Why do I say "There is no cloud"? Because the term "cloud" connotes something that you can't see or touch, but rather just floats above us and exists. Rest assured that for every cloud-based service, there is at least one physical server sitting in a data center somewhere. The only difference between a local application and a cloud-based application is who is responsible for the maintenance, support, and licensing of equipment and software. A cloud-based server for you is actually a locally-managed server for the cloud-based service provider.

So what are the issues that should be considered when evaluating the use of cloud-based services?
  • Size of Business - While businesses can be measured several ways, total revenue is a standard measure that everyone can understand. Gartner Group cites a benchmark of 4% of revenue as an average across all for total IT spend. This number includes salary, hardware, software, and support fees. Clearly, a $100 million company with a $4 million IT budget has more options when staffing and designing their IT infrastructure. On the other hand, a $1 million company with a $40,000 IT budget will need to utilize cloud services to keep hardware, software, licensing, and support fees within a reasonable range.

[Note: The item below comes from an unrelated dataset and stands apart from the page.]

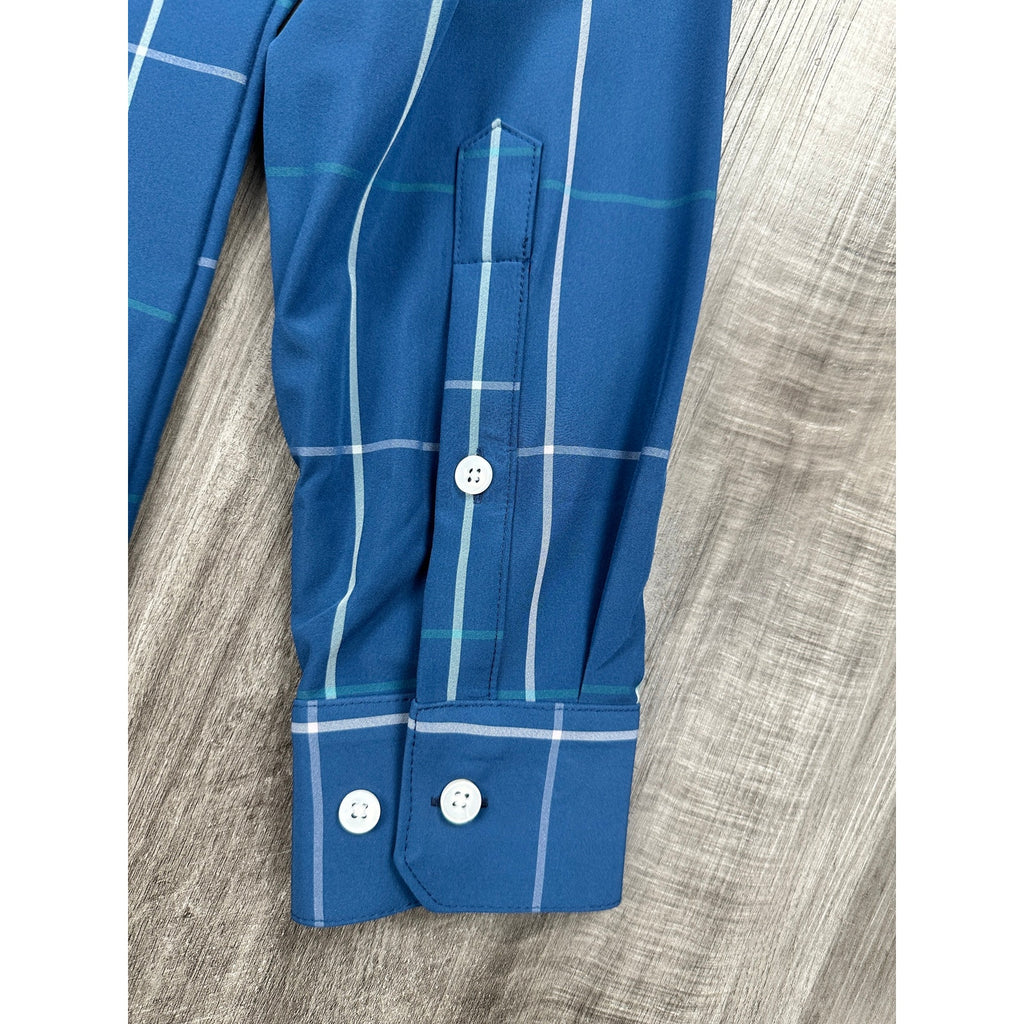 Mizzen+Main Leeward Collection Trim Fit Windowpane Long Sleeve Button Down Shirt — Size Medium // Preowned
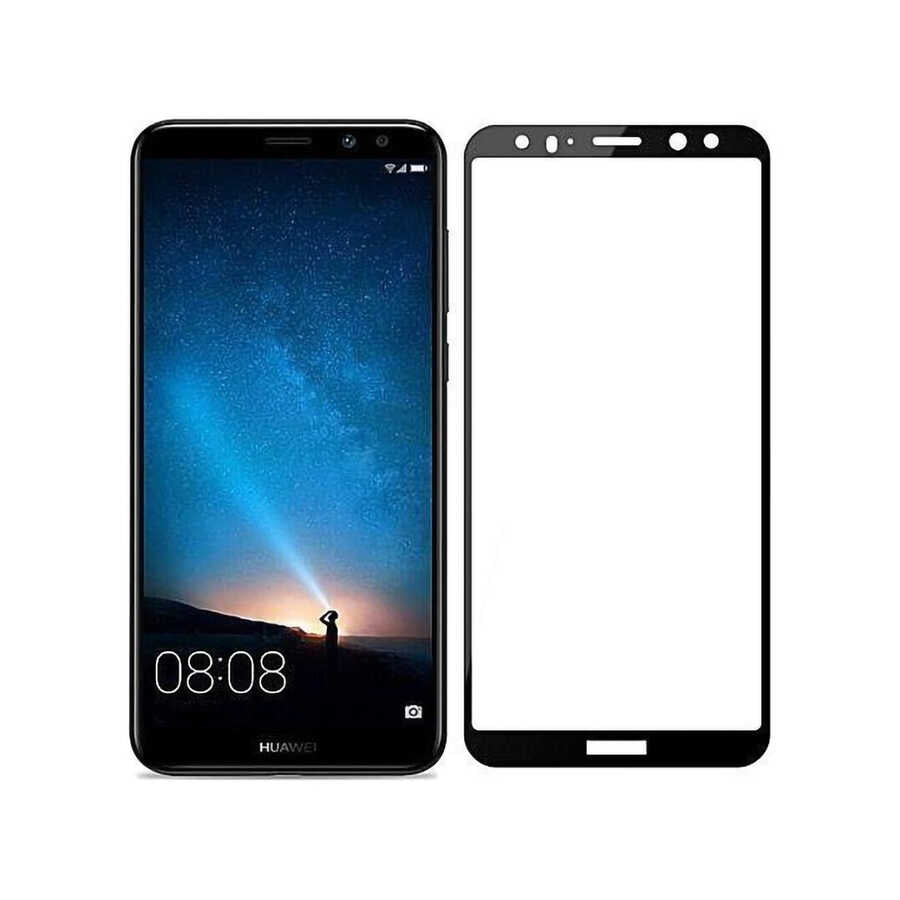 Huawei Mate 10 Lite Davin 5D Cam Ekran Koruyucu Beyaz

  • Control of Data - If a company truly wants to control their data, storing it on a shared cloud-based server may not be the answer. While most cloud-based application service agreements state that you own your data, try getting a complete data dump in a usable format from your cloud-based provider when you want to leave them to go to another solution.

  • Privacy - Most cloud solutions are required to share data with government agencies including but not limited to the NSA. These requirements are expanded when that data moves outside of the United States. Did you know that many cloud providers have their servers clustered all over the world for redundancy purposes? That means that an email you send to someone in your same town could actually be routed through an off-shore server. And because the information left the United States, it is subject to different surveillance laws. Most of us have nothing to hide, but it is a consideration when choosing to move your email to the cloud.

  • Internet Access - The more that you utilize cloud-based services, the more you are relying on your internet service. This is not necessarily a negative, but just make sure that you have reliable internet service AND adequate bandwidth to best support your use of the cloud.

  • Hacking - This may sound counter-intuitive, but the smaller you are, the less likely you will be hacked. While Microsoft's spends more each year on data security than the GDP of some third-world countries, they will be hacked before your local Microsoft Exchange Server will be. Yes, it is much more difficult to hack Microsoft, but hackers are hunting for big game. Therefore, if the hacking of your data would ruin you or your company, think twice before you move it to the cloud.